Le président Hollande, sous la pression de la Commission Européenne, des marches financiers, des agences de notation, du Medef et de la presse économique (possédée par le patronat), a renforcé l’orientation néo-libérale de sa politique économique : les dépenses publiques (et en particulier les dépenses sociales) devront diminuer de 65 milliards en 4 ans ; les entreprises bénéficieront de 30 milliards de baisse des cotisations sociales familles (qui s’ajoutent aux 25 milliards d’exonération de cotisations sociales, aux 6 milliards de Crédit Impôt recherche, au 6 milliards de réduction de la fiscalité locale des entreprises). Mais, cela ne suffit pas au patronat : il veut 116 milliards de réduction d’impôts, la mise en cause du droit du travail et ceci sans contrepartie.

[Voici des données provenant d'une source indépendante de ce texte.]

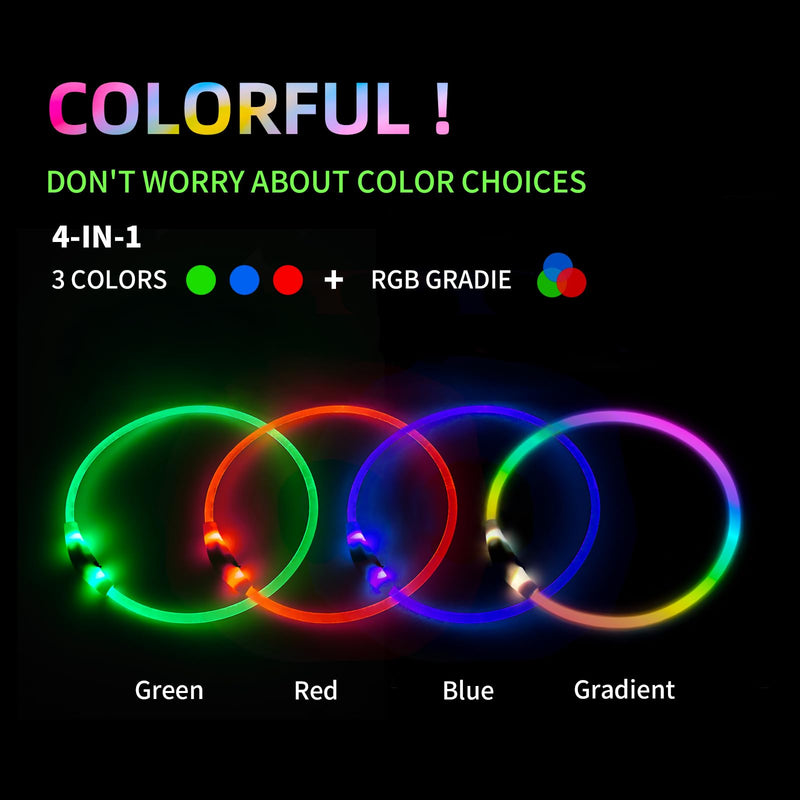 Light Up Dog Collar Super Bright Led Dog Collar with RGB Lighting Modes, Type-C Rechargeable & Waterproof Glow in The Dark Collar for Small Medium Large Dogs 70cm Cutable Collar Night Walking Safety - PawsPlanet Australia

Le risque est grand que la baisse des dépenses publiques déprime la demande, donc le PIB, que les entreprises n’embauchent pas plus, n’investissent pas plus faute de débouchés de sorte que les 30 milliards de baisse des cotisations se retrouvent en hausse de dividende ou en désendettement, sans impact sur l’emploi. Le risque est grand que tous les pays de la zone euro ne rivalisent en politique de compétitivité, bridant leurs salaires, réduisant leur protection sociale, augmentant les taux de marge des entreprises qui investiront ailleurs, dans les pays émergents, à forte croissance.

Faut-il poursuivre les réformes néo-libérales qui ont abouti à la crise ? Donner plus de poids à la finance ? Diminuer encore la part du travail dans la valeur ajoutée ? Augmenter l’insécurité de l’emploi ? Les travailleurs des pays européens doivent-ils se combattre les uns les autres en acceptant des baisses de salaires ? Faut-il continuer aveuglément une croissance qui mène à la catastrophe écologique ?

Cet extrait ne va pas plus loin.